At the OB or pediatric visit, when a patient has been in therapy for two to three months and is still describing significant distress, the following questions are clinically relevant:
Has medication been discussed? If she is in therapy but has not been offered or considered medication, this is the right moment to raise it. For moderate-to-severe PMAD, the evidence supports combined treatment. SSRIs initiated by the OB for uncomplicated presentations, or a referral to a prescriber for complex presentations, are both appropriate depending on the clinical picture.
Has her EPDS been re-administered recently? Re-administering the EPDS at this visit gives you a current severity score and provides a comparison point. An EPDS that has not moved after eight to twelve weeks of treatment is clinically significant information.
Is the treatment adequate? Not all therapy is the same. Perinatal mental health responds best to specific modalities, including cognitive behavioral therapy, interpersonal therapy, and, for PTSD presentations, trauma-focused therapy.
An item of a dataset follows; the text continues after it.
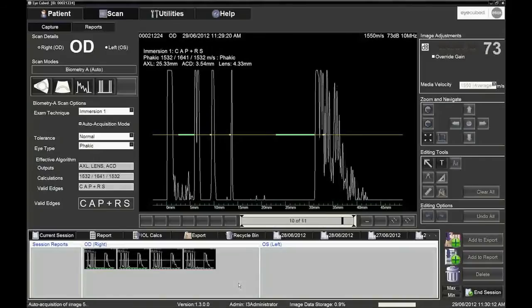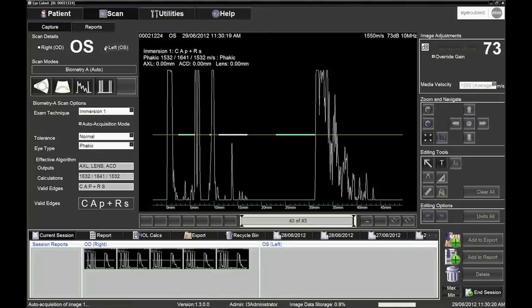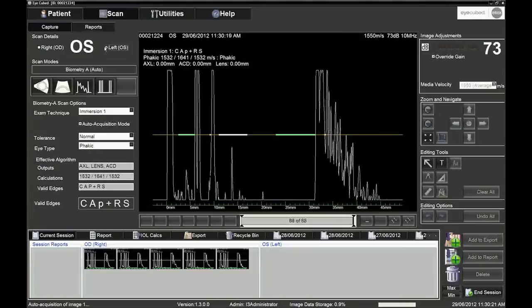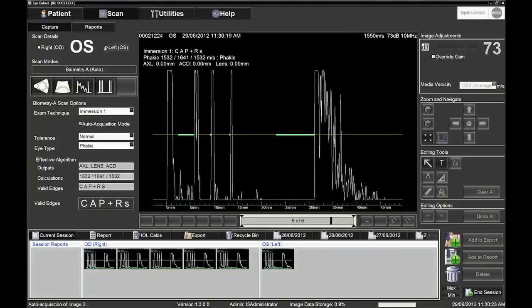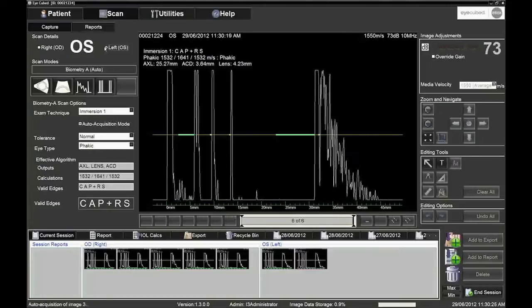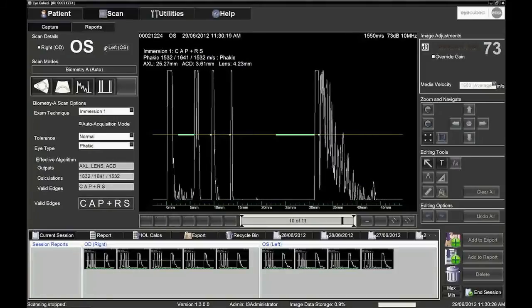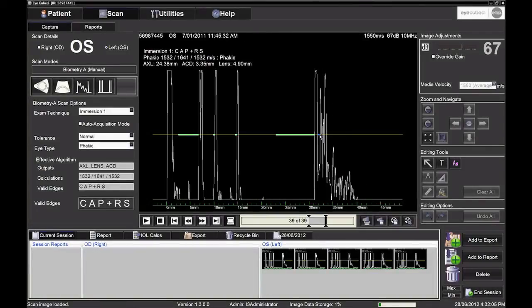In automatic freeze, the system automatically freezes five pictures which meet the correct criteria. It is recommended that you always check the images that are frozen automatically to ensure that the correct echo pattern is displayed and the markers are positioned before the correct echo spikes.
A patient who is in general supportive therapy with a provider who does not specialize in perinatal presentations may need a different referral, not more time with the current one.
Is this a prescribing case? If medication has been initiated and is not producing adequate response after a full trial, a consultation with a perinatal psychiatrist is indicated. The OB who identifies that first-line medication is not working and facilitates a psychiatric consultation is providing meaningful clinical oversight.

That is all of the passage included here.